Looking ahead, as the winter approaches, the cement industry should again be capped to secure coal demand in power generation sector, and combined with low industry sentiment, overcapacity, and fierce competition, it would result in weak support for the thermal coal market.
Considering the lag effect between the recovery of the real estate sector and the subsequent revival in demand for cement and coal, we expect the subdued demand for coal and cement from the real estate sector to persist. In the latest China Real Estate Outlook 2025 released by Goldman Sachs, the bank projects that China's real estate market will bottom-out and stabilize in late 2025 as policy support strengthens. This marks a significant shift from their previous stance, where they had forecast that "by 2027, China's housing prices would halve by another 40% from current levels."
In the coal chemistry sector, although methanol is seen as a key future fuel substitute under the ESG scheme, there has been no significant increase in methanol demand so far. Coal demand in the coal chemical industry has remained stable. It is noteworthy that methanol production capacity has increased this year, against the backdrop of substantial investment due to higher profits. However, due to the slower than expected rise in methanol demand, it has quickly led to oversupply and sharp profit declines, thus further restricting output from some methanol producers and limiting coal demand in the coal chemical market.
Over the past two years, China has played an increasingly important role in the seaborne coal market, with both its absolute import volume and share of global imports. In contrast, coal imports by other countries have shown a visible decline. According to AXSMarine data, global coal imports to other countries totalled 705 mln mt in the first three quarters of this year, marking a third consecutive year of decline, compared to 715 mln mt and 766 mln mt during the same periods of 2023 and 2022, respectively.

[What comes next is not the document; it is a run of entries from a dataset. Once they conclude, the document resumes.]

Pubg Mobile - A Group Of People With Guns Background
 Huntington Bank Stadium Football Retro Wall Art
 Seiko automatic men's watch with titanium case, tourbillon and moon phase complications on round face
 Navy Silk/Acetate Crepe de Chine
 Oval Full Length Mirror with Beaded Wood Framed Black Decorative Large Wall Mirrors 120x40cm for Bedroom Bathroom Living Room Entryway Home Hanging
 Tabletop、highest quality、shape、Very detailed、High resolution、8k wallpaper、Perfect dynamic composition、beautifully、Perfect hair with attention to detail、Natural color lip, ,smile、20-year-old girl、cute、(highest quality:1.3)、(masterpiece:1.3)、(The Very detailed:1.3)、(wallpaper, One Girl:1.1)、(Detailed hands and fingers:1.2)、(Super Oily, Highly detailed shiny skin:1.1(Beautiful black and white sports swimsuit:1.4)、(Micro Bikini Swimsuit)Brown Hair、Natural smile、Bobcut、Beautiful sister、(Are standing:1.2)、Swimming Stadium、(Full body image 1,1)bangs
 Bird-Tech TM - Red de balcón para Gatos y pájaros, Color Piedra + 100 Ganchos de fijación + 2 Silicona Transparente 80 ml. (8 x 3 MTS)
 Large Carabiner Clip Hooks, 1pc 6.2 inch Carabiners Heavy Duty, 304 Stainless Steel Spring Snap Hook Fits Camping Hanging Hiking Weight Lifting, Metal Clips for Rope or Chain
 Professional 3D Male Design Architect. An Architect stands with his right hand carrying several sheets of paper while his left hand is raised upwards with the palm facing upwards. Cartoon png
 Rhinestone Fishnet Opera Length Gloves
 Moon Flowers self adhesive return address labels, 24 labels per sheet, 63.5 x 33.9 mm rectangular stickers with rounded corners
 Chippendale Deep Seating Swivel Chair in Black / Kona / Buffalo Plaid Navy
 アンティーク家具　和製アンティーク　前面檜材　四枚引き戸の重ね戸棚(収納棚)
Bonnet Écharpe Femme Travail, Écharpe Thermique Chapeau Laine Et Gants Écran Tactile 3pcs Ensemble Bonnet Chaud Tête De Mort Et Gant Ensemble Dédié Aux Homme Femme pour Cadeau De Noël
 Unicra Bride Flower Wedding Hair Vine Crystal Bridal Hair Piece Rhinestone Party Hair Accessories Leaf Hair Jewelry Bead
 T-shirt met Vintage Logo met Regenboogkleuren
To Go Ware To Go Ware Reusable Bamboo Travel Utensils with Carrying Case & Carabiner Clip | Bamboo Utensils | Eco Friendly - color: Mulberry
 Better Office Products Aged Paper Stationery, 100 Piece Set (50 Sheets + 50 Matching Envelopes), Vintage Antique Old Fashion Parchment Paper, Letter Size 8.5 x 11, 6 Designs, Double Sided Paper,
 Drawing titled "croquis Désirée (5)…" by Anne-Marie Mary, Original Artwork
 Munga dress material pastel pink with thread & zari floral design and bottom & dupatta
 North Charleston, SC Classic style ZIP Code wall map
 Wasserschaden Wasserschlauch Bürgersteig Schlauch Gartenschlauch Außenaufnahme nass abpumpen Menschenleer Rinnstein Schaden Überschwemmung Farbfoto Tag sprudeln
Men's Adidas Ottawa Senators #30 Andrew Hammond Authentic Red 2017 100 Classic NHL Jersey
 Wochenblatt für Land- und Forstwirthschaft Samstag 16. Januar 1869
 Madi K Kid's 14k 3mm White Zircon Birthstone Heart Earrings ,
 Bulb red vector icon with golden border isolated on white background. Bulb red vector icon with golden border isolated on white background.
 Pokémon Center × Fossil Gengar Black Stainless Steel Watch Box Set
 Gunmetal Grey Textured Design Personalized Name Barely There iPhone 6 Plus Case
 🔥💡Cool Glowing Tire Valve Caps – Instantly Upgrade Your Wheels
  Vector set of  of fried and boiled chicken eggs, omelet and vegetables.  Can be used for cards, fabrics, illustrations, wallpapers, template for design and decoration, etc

To a certain extent, China’s substantial coal imports have mitigated the loss from other areas and supported freight rates. However, while there is optimism surrounding the continued implementation of supportive macroeconomic policies in China, it’s essential to remain cautious about potential future declines in China’s coal imports. Even if imports remain higher than the 2017–2022 levels, any reduction could have a more pronounced impact on the seaborne market. Russia, which is most sensitive to price changes, will serve as a good benchmark. According to statistics from AXSMarine, Russia's coal exports in the first three quarters of this year decreased by 24.6 mln mt y-o-y. By vessel type, the most affected vessel type is Capesize, with a volume drop of 34.3%. The declines for Panamax and Supramax are relatively moderate, at 11.9% and 12.1%, respectively.